**TASK DESCRIPTION:**
Using the data below, restate exactly every line from the one with "kitchen featuring light" up to and including the one with "Happy businesswomen standing in office". No picture belongs in it.

::: PROVIDED MATERIAL

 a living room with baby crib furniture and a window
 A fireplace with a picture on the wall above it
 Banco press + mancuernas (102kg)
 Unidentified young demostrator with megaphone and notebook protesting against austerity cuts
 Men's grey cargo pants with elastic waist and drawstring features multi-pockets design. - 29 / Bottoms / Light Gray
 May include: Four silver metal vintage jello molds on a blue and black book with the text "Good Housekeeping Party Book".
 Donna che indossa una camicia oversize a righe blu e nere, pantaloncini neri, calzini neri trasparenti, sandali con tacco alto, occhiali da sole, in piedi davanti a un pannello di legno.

::::::
::: PROVIDED MATERIAL

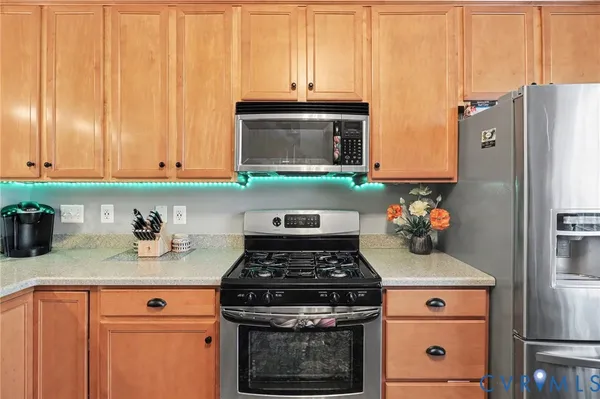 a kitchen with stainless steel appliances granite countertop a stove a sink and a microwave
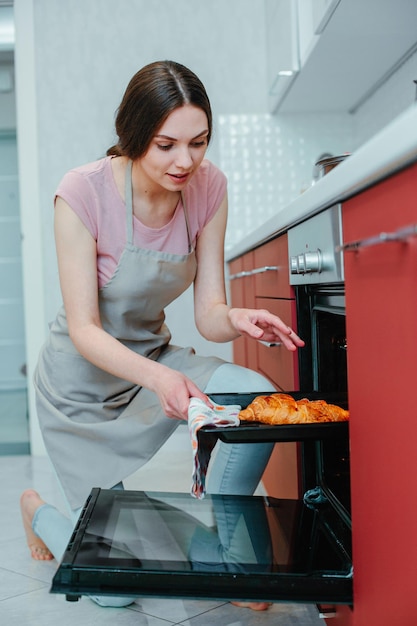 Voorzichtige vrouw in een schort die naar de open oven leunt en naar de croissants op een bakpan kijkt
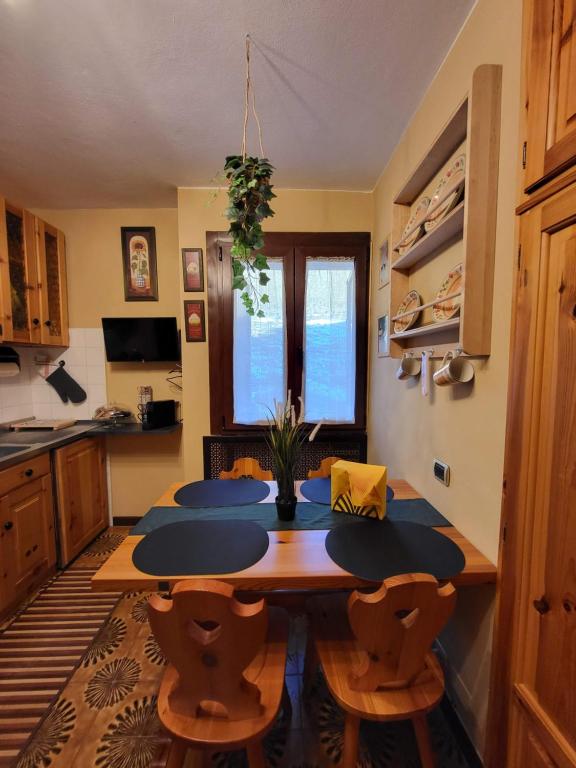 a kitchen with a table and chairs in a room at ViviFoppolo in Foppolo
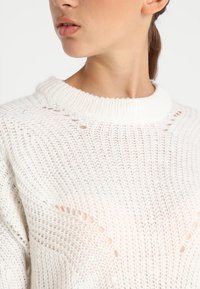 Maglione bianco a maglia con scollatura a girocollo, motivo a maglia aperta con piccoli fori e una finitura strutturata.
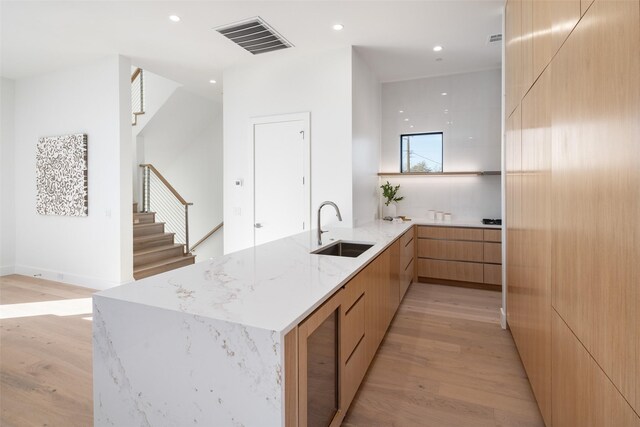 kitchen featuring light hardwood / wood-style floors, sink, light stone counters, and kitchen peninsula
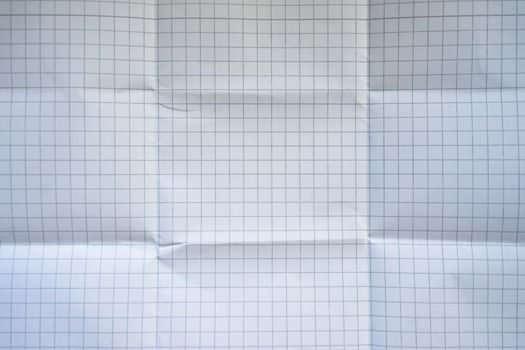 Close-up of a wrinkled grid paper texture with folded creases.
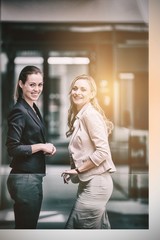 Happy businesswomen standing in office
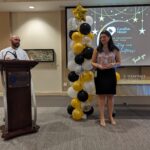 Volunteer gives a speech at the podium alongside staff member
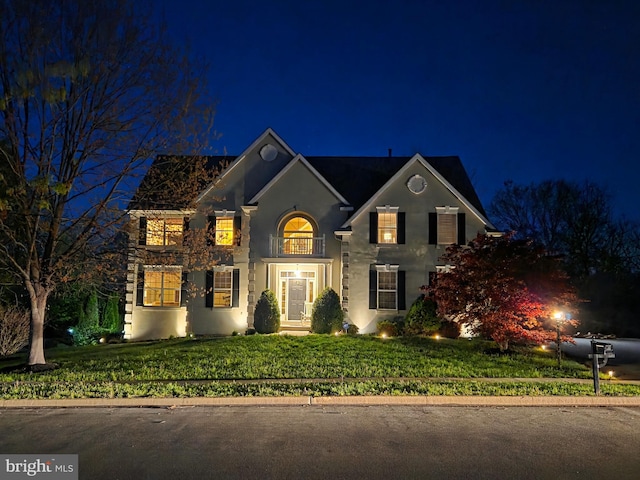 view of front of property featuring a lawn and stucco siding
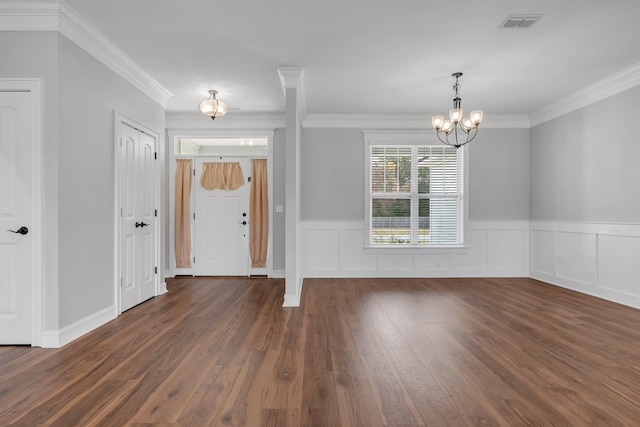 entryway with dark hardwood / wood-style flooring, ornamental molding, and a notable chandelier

::::::

**ANSWER FOR THIS EXERCISE:**
 kitchen featuring light hardwood / wood-style floors, sink, light stone counters, and kitchen peninsula
 Close-up of a wrinkled grid paper texture with folded creases.
 Happy businesswomen standing in office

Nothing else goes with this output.